Dieses schöne Bild zeigt eine "Selbstverteidigungs-Fachfrau" bei einem Ausflugswochenende mit Family & Friends nach Berlin im Jahr 2012.
Sie steht hier vor dem Neptunbrunnen und hinten sieht man den Fernsehturm am Alex.

Allet friedlich und im jrünen Bereich - wie der Berliner so sagt.

Ist ja auch relativ schönes Wetter gewesen und gut, dass wir danach nicht allzu spät nachts noch S-Bahn gefahren sind.

Fast genau dieselbe Stelle - nur unwesentlich später und im übrigen in dieser Art wohl öfter belastet, als es die Presse bei Gelegenheit notwendigerweise breitklopft:

ZITATE
15.10.2012, 11:14 Uhr
Berlin: Mann nach Prügelattacke weiter in Lebensgefahr
Ein bei einer Prügelattacke am Berliner Alexanderplatz schwer verletzter Mann befindet sich in Lebensgefahr.

15.10.2012, 15:47 Uhr
Mann stirbt nach Prügelattacke in Berlin
Nach einer Prügelattacke am Berliner Alexanderplatz ist ein 20-Jähriger seinen schweren Verletzungen erlegen. Das teilte die Polizei mit. Der junge Mann war in der Nacht zum Sonntag von mehreren Tätern aus zunächst unbekannten Gründen angegriffen und mit Tritten gegen den Kopf "massiv" verletzt worden.
Quelle
http://www.gmx.net/themen/nachrichten/pa...ke-lebensgefahr

20-Jähriger stirbt nach Prügelattacke am Berliner Alexanderplatz
15.10.2012, 16:36 Uhr
Eine Gruppe Männer hatte den völlig Betrunkenen am Sonntag im Morgengrauen nach einem Clubbesuch mit Tritten und Schlägen gegen den Kopf so schwer verletzt, dass er vor Ort von einem Notarzt wiederbelebt werden musste. Danach lag er im Koma.
Berlins Innensenator Frank Henkel (CDU) kündigte an, alles dafür zu tun, um die Täter zu fassen und so lange wie möglich wegzusperren.
Quelle
http://nachrichten.t-online.de/berlin-20..._60346638/index

Attacke am Alex: Polizei hat noch keine Spur
Berlin (dpa) - Nach der tödlichen Prügelattacke auf einen 20-Jährigen am Berliner Alexanderplatz, der seinem Freund helfen wollte, fahndet die Polizei mit Hochdruck nach den Tätern.
...
Berlins Regierender Bürgermeister Klaus Wowereit (SPD) hat den Schlägern unterdessen den Kampf angesagt.
Quelle
http://www.gmx.net/themen/nachrichten/pa...ex-polizei-spur
ZITATE ENDE


Ich gehe davon aus - FORTSETZUNG FOLGT - in dieser laufenden Angelegenheit, bei der die brutalstmöglich vorgehenden Täter vielleicht-hoffentlich noch ermittelt werden...und...voraussichtlich in diesem Theater und vielleicht an genau derselben Stelle dann wieder.

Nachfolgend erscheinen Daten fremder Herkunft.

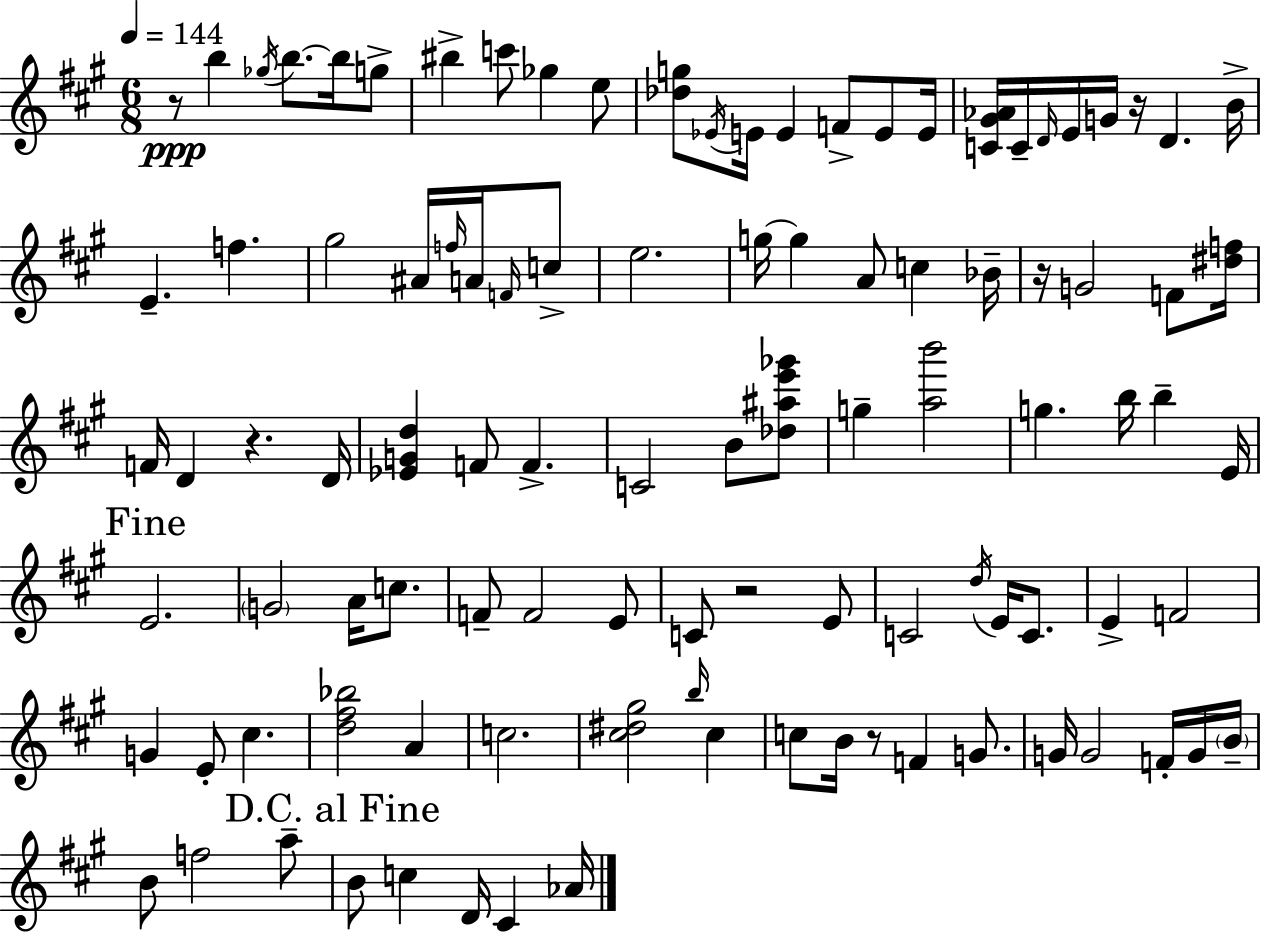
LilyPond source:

{
  \clef treble
  \numericTimeSignature
  \time 6/8
  \key a \major
  \tempo 4 = 144
  r8\ppp b''4 \acciaccatura { ges''16 } b''8.~~ b''16 g''8-> | bis''4-> c'''8 ges''4 e''8 | <des'' g''>8 \acciaccatura { ees'16 } e'16 e'4 f'8-> e'8 | e'16 <c' gis' aes'>16 c'16-- \grace { d'16 } e'16 g'16 r16 d'4. | \break b'16-> e'4.-- f''4. | gis''2 ais'16 | \grace { f''16 } a'16 \grace { f'16 } c''8-> e''2. | g''16~~ g''4 a'8 | \break c''4 bes'16-- r16 g'2 | f'8 <dis'' f''>16 f'16 d'4 r4. | d'16 <ees' g' d''>4 f'8 f'4.-> | c'2 | \break b'8 <des'' ais'' e''' ges'''>8 g''4-- <a'' b'''>2 | g''4. b''16 | b''4-- e'16 \mark "Fine" e'2. | \parenthesize g'2 | \break a'16 c''8. f'8-- f'2 | e'8 c'8 r2 | e'8 c'2 | \acciaccatura { d''16 } e'16 c'8. e'4-> f'2 | \break g'4 e'8-. | cis''4. <d'' fis'' bes''>2 | a'4 c''2. | <cis'' dis'' gis''>2 | \break \grace { b''16 } cis''4 c''8 b'16 r8 | f'4 g'8. g'16 g'2 | f'16-. g'16 \parenthesize b'16-- b'8 f''2 | a''8-- \mark "D.C. al Fine" b'8 c''4 | \break d'16 cis'4 aes'16 \bar "|."
}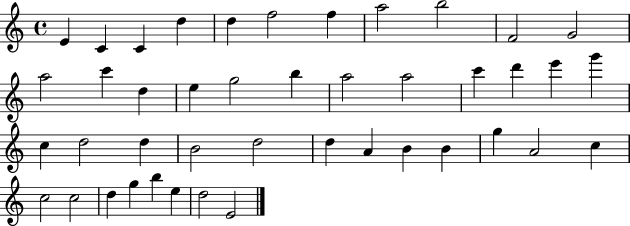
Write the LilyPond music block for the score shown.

{
  \clef treble
  \time 4/4
  \defaultTimeSignature
  \key c \major
  e'4 c'4 c'4 d''4 | d''4 f''2 f''4 | a''2 b''2 | f'2 g'2 | \break a''2 c'''4 d''4 | e''4 g''2 b''4 | a''2 a''2 | c'''4 d'''4 e'''4 g'''4 | \break c''4 d''2 d''4 | b'2 d''2 | d''4 a'4 b'4 b'4 | g''4 a'2 c''4 | \break c''2 c''2 | d''4 g''4 b''4 e''4 | d''2 e'2 | \bar "|."
}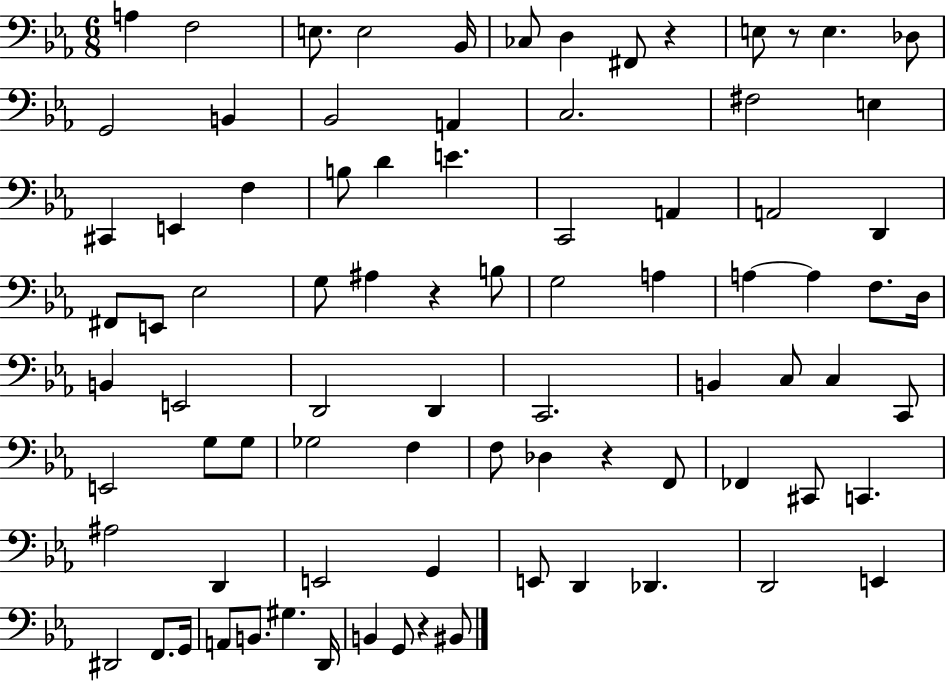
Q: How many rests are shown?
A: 5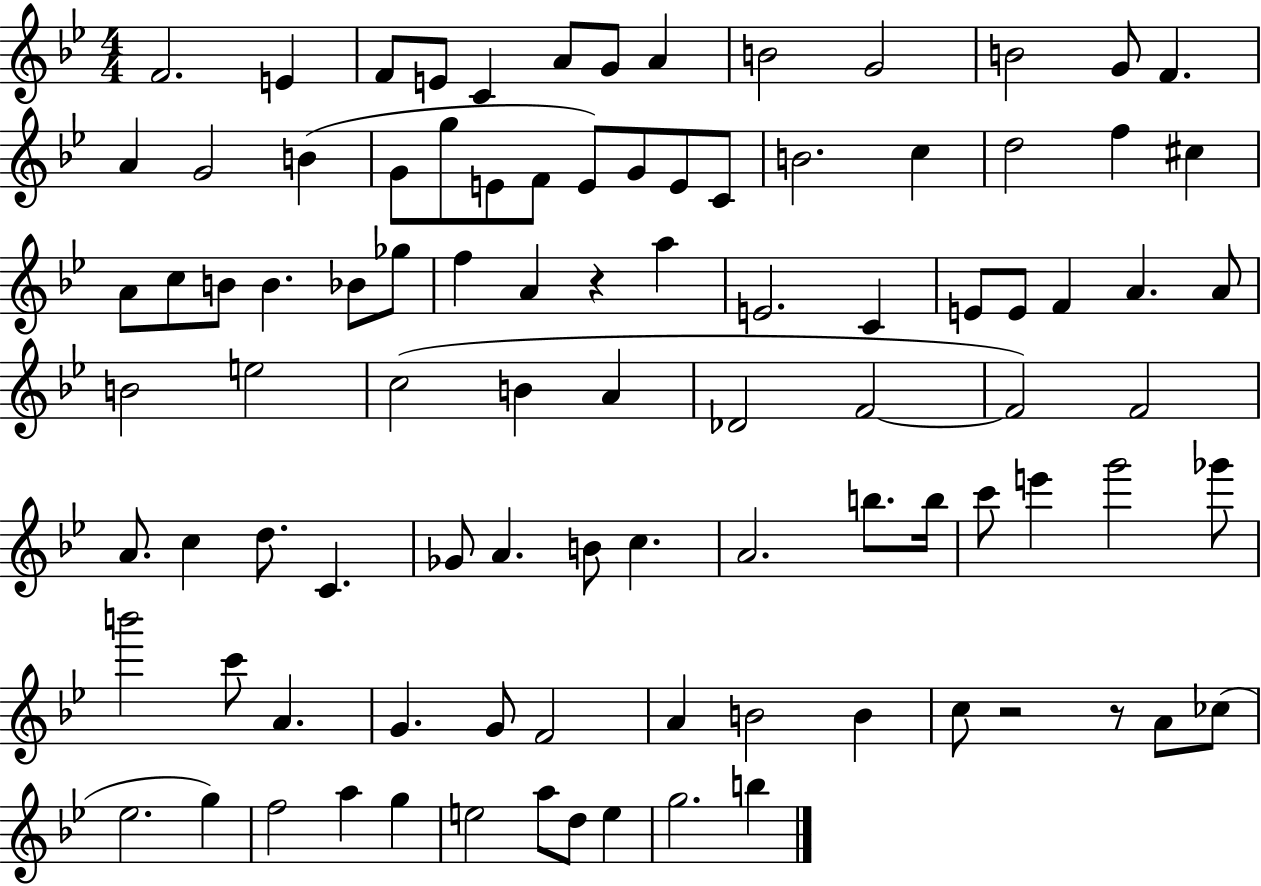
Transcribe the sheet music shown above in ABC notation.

X:1
T:Untitled
M:4/4
L:1/4
K:Bb
F2 E F/2 E/2 C A/2 G/2 A B2 G2 B2 G/2 F A G2 B G/2 g/2 E/2 F/2 E/2 G/2 E/2 C/2 B2 c d2 f ^c A/2 c/2 B/2 B _B/2 _g/2 f A z a E2 C E/2 E/2 F A A/2 B2 e2 c2 B A _D2 F2 F2 F2 A/2 c d/2 C _G/2 A B/2 c A2 b/2 b/4 c'/2 e' g'2 _g'/2 b'2 c'/2 A G G/2 F2 A B2 B c/2 z2 z/2 A/2 _c/2 _e2 g f2 a g e2 a/2 d/2 e g2 b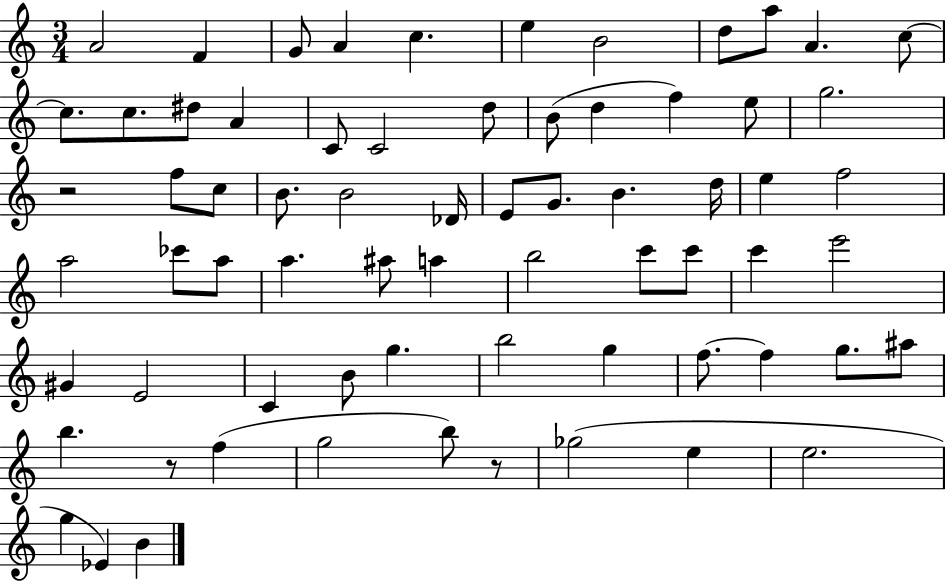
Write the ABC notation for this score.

X:1
T:Untitled
M:3/4
L:1/4
K:C
A2 F G/2 A c e B2 d/2 a/2 A c/2 c/2 c/2 ^d/2 A C/2 C2 d/2 B/2 d f e/2 g2 z2 f/2 c/2 B/2 B2 _D/4 E/2 G/2 B d/4 e f2 a2 _c'/2 a/2 a ^a/2 a b2 c'/2 c'/2 c' e'2 ^G E2 C B/2 g b2 g f/2 f g/2 ^a/2 b z/2 f g2 b/2 z/2 _g2 e e2 g _E B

Liebe Selbstverteidiger, Notwehrer und nebenbei auch gewidmet dem Kampfansager Party-Bürgermeister:
BERLIN IST ÜBERALL.

Es lauert gewissermassen an fast jeder Strassenecke und ich persönlich kenne ein paar davon nur allzugut.

Leider doch ganz ähnliche Fälle hatten wir vergleichsweise nämlich auch schon in Iserlohn oder Hemer.
In einem -schon längst zu den Akten gelegten Fall- berichtete die Lokalpresse davon, dass in Hemer eine Horde junger Männer mit Knüppeln wahllos auf Passanten einschlug. Diese Schlagsportler wurden tatsächlich von der Polizei gefasst - und sofort wieder laufengelassen, weil sie einen festen Wohnsitz nachweisen konnten.

Na prima, Bürger.

Hoffentlich ist nach der erwähnten Freisetzung des Schlägertrupps den Kindern der beteiligten Polizeibeamten oder den später um eine Urteilsfindung bemühten Juristen oder gar irgendeinem Parteipolitiker auf dem Nachhauseweg nichts passiert. Vielleicht wäre dann echt die Justiz und nicht nur die Selbstjustiz tätig geworden, nach der es oftmals, aber natürlich vergebens, Zeter und Mordio schreit.

In den mit den online-Artikeln verbundenen Meinungsforen zerreissen sich vor allem die Experten des Deutschtums, der Muslime und der Berliner MIgrantenanalytik das Maul, warum, wieso und überhaupt mit solchen Tieftretern umzugehen sei.

Auch der bundeswahrsager hat seinen Senf dazugegeben, aber wer liest das schon, was der schreibt ?

Das tote Opfer hat, wie in zu-vielen anderen Fällen, davon rein gar nix und dessen Nationalität muss man nicht extra hochkochen.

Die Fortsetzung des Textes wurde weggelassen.